Oh, dramatic isn't it? And I've just been taught how to scan something on the printer and get a jpeg file, so for your viewing pleasure:

Isn't it fantastic? Who is the woman posing? Was it a full-time or a part-time job? Inquisitive minds are dying to know. There is no information inside the book incidentally, none at all. This is functional art at its ... well, not best. Most lurid? I must get the other ones scanned too.

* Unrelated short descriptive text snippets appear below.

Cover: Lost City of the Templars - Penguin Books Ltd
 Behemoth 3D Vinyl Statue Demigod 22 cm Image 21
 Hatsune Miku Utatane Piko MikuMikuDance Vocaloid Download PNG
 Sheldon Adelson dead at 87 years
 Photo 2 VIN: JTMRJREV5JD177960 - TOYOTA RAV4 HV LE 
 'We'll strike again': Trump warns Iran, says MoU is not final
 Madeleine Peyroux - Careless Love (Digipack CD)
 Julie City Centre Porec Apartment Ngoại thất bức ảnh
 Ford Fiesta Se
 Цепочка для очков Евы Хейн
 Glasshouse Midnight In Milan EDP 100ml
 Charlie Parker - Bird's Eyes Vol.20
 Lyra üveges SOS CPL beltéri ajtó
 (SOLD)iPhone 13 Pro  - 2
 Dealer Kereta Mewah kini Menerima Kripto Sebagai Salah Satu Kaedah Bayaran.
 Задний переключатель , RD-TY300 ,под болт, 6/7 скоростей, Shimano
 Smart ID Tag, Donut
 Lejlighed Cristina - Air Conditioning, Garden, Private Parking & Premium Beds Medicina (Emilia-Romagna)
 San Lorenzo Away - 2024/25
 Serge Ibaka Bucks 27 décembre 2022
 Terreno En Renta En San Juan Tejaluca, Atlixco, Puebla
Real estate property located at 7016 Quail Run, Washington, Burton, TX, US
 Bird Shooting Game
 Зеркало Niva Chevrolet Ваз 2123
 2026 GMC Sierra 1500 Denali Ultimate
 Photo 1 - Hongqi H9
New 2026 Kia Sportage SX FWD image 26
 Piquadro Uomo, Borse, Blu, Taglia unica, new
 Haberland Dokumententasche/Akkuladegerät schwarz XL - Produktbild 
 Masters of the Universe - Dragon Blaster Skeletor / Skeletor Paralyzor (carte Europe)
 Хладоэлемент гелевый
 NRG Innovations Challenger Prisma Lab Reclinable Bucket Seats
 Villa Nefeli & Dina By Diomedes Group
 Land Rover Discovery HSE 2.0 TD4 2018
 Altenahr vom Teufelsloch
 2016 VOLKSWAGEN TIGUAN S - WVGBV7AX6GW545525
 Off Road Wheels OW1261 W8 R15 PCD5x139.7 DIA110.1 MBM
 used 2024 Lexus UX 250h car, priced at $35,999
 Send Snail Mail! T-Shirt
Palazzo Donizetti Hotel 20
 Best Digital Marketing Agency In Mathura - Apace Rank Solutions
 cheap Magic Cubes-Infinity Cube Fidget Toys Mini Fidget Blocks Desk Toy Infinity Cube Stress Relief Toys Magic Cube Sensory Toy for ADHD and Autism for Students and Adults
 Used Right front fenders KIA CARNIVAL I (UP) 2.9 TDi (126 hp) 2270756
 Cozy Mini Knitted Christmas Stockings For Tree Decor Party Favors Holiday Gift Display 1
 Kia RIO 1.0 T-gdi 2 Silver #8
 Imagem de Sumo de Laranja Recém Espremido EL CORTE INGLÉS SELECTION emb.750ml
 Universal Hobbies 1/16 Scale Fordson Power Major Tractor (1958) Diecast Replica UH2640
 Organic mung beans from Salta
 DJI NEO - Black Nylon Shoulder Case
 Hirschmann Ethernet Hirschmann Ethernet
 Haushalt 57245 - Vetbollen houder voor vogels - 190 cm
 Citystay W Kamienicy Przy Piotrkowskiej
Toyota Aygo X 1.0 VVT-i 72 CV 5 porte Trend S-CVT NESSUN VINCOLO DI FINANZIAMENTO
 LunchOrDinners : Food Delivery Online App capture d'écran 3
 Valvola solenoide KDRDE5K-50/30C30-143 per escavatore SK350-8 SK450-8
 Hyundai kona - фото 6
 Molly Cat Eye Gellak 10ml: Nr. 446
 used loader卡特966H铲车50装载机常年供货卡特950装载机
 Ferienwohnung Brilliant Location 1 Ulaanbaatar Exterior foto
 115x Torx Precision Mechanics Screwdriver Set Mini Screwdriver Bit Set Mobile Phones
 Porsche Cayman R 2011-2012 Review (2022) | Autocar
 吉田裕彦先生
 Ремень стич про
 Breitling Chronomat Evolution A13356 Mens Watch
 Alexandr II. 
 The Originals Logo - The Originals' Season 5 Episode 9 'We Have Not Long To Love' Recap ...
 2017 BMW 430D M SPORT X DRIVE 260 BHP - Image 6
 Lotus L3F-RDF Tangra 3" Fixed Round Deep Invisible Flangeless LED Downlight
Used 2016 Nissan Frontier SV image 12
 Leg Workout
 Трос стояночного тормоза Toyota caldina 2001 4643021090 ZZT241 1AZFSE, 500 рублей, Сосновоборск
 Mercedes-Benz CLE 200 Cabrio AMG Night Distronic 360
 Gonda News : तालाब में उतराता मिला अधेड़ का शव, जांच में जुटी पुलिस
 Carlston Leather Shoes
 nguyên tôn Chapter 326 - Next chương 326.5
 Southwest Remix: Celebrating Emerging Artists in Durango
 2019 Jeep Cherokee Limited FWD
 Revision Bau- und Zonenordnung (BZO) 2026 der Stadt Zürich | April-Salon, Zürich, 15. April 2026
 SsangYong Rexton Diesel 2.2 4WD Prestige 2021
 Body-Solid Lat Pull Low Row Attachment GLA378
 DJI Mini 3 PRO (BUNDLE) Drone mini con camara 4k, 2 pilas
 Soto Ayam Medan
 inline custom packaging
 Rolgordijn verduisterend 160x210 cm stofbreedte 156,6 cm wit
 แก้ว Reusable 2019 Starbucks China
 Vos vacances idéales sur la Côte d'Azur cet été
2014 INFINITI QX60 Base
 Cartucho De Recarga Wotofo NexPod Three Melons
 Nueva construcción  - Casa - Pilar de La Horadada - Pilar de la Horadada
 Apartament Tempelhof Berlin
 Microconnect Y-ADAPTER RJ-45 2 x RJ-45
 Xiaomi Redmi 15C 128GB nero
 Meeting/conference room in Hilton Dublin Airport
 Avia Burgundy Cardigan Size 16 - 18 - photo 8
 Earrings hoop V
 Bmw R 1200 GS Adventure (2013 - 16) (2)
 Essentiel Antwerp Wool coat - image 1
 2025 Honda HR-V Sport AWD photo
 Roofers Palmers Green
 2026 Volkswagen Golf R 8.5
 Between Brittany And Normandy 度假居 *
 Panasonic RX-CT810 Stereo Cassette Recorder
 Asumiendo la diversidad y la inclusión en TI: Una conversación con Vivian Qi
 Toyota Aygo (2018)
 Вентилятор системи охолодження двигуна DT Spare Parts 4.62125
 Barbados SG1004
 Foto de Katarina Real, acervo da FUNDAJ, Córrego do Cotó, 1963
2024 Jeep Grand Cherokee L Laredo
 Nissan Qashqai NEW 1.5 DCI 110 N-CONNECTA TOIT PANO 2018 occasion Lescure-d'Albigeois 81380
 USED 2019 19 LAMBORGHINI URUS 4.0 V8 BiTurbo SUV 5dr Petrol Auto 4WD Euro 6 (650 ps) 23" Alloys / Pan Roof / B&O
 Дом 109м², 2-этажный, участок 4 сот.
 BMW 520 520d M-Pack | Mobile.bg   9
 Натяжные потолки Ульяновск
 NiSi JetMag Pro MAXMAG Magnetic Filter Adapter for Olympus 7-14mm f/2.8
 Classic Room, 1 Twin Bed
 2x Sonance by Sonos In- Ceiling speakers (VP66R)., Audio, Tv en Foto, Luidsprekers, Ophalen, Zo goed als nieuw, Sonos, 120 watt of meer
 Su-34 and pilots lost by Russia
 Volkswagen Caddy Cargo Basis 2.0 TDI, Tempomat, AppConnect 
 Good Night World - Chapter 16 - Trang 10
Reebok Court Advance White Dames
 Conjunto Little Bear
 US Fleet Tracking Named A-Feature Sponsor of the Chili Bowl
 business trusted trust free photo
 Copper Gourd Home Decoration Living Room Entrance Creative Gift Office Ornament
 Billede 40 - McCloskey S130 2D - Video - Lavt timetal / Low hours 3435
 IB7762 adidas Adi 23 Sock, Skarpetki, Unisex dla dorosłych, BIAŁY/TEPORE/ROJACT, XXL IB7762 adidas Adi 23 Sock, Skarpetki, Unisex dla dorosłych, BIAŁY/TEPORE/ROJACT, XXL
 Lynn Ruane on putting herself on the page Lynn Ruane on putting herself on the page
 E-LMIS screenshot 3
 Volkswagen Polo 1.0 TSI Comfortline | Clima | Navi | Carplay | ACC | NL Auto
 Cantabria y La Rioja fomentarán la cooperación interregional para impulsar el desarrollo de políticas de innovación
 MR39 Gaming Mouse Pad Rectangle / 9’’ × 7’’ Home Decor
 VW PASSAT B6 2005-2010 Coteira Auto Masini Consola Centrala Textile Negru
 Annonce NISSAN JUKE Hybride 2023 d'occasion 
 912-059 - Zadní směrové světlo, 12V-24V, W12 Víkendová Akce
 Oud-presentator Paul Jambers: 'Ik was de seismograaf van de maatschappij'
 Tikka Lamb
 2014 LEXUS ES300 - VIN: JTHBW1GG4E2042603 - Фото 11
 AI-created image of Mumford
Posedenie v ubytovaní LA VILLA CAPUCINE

First published in 1939, it's set in a small village where the small society group in residence - the squire, his son, the squire's spinster cousin, the rector and his daughter (in love with the young squire-to-be), the doctor, the enigmatic single newcomer (also the doctor's lover) and the first, original parish spinster - decide to set up a play to raise funds for charity. The two spinsters are best friends and bitterest rivals, both constantly struggling to be the most important and most valuable lady-in-charge in the community, and both hopelessly in love with the handsome rector. Miss Idris Campanula is used to being the boss of everything, bullying herself onto committees and into first position always. When Miss Eleanor Prentice came to live with her cousin she used her gentler ways of manipulation to coax her way into the local petty positions of power, usurping Idris. With gossip and religious hypocrisy as the glue of their friendship they nevertheless get along by default. Miss Prentice is all set to play the music score for the play. When her finger is injured Miss Campanula jumps at the job, only to have her gloating self shot on premiere night (see illustration) by the booby-trapped piano. So, enter Alleyn and Fox. Also, bloody Nigel (sigh). Whodunnit?

Actually, it's obvious whodunnit almost from the beginning. I still enjoyed it though. There are some great Alleyn quotes in it, which I can't be bothered to look for at the moment. Ah well. It's interesting as an attempt at psychology, which must have been all the rage at the time because there are numerous references to this suspect "science". The crime is resolved after a show-down of the classic kind, with all the involved gathered back at the stage. Now, she cops out here Marsh does, because she resorts to this lame solution and tries to cover it up by having Alleyn very annoyed at having to use it - yet he does, so whatever. Also interesting is a general air of the times, a break between Victorian morality (the spinsters) and young, carefree (but not premarital) love.